#### Stored data
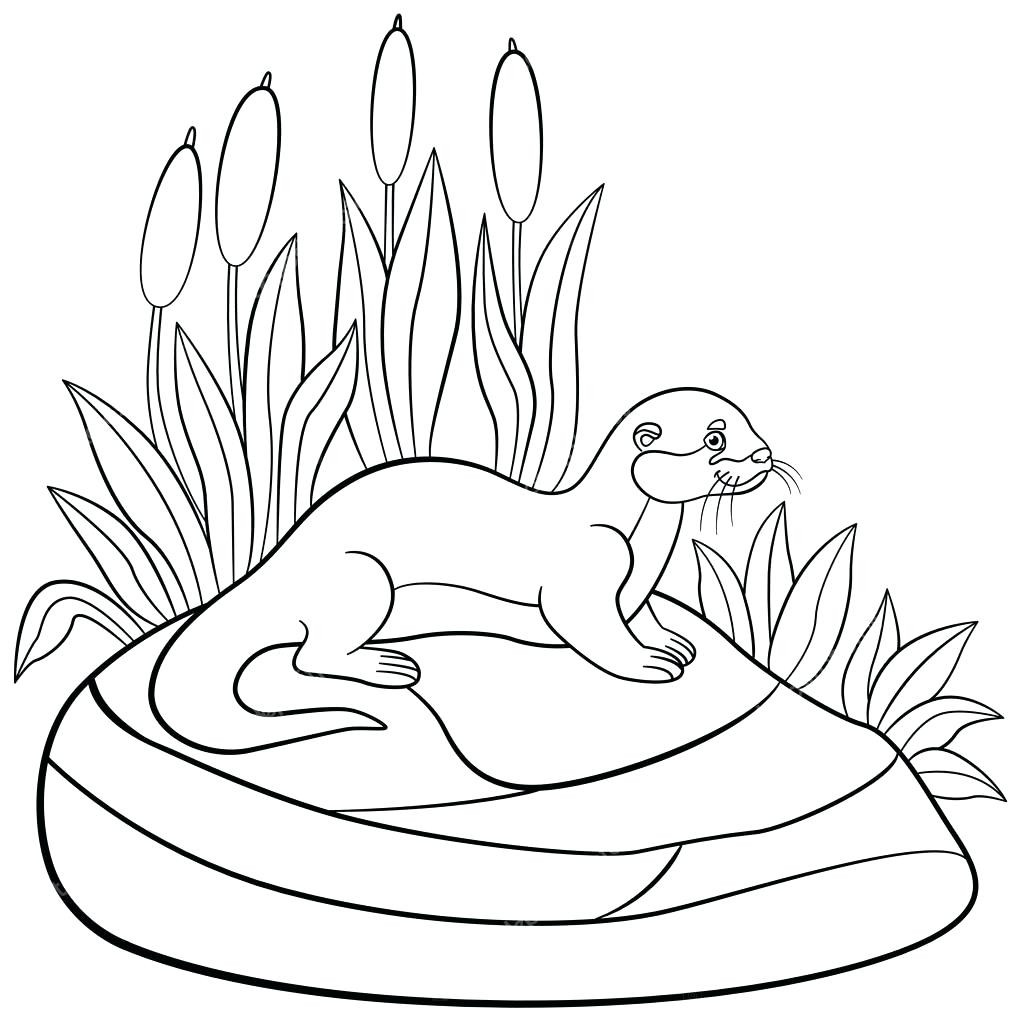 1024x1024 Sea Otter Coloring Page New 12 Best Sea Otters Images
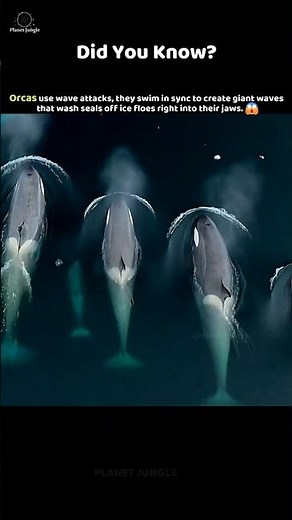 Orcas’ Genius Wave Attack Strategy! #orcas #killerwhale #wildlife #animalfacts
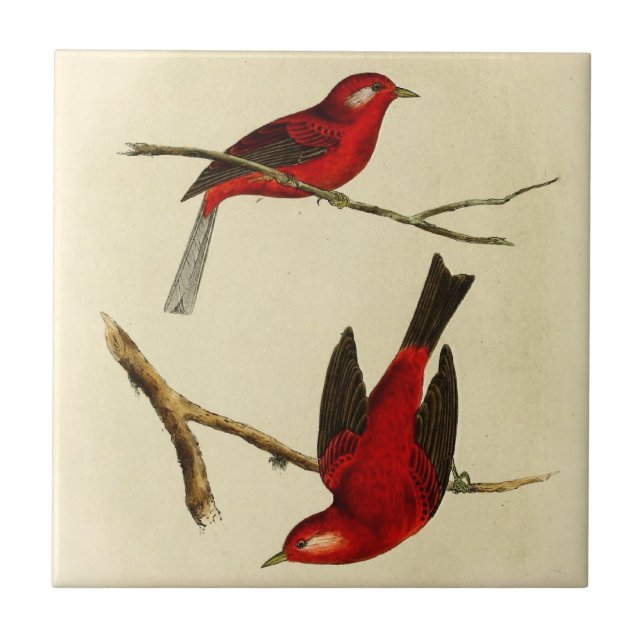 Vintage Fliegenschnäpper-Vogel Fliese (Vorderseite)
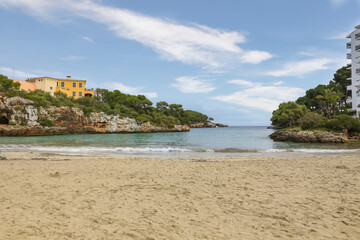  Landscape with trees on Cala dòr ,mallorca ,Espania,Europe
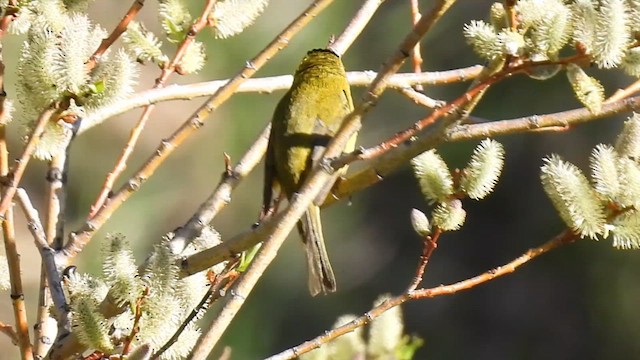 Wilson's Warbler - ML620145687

#### Task description
Leaving the pictures out, print every line of the listing exactly.

#### Completed exercise
 1024x1024 Sea Otter Coloring Page New 12 Best Sea Otters Images
 Orcas’ Genius Wave Attack Strategy! #orcas #killerwhale #wildlife #animalfacts
 Vintage Fliegenschnäpper-Vogel Fliese (Vorderseite)
  Landscape with trees on Cala dòr ,mallorca ,Espania,Europe
 Wilson's Warbler - ML620145687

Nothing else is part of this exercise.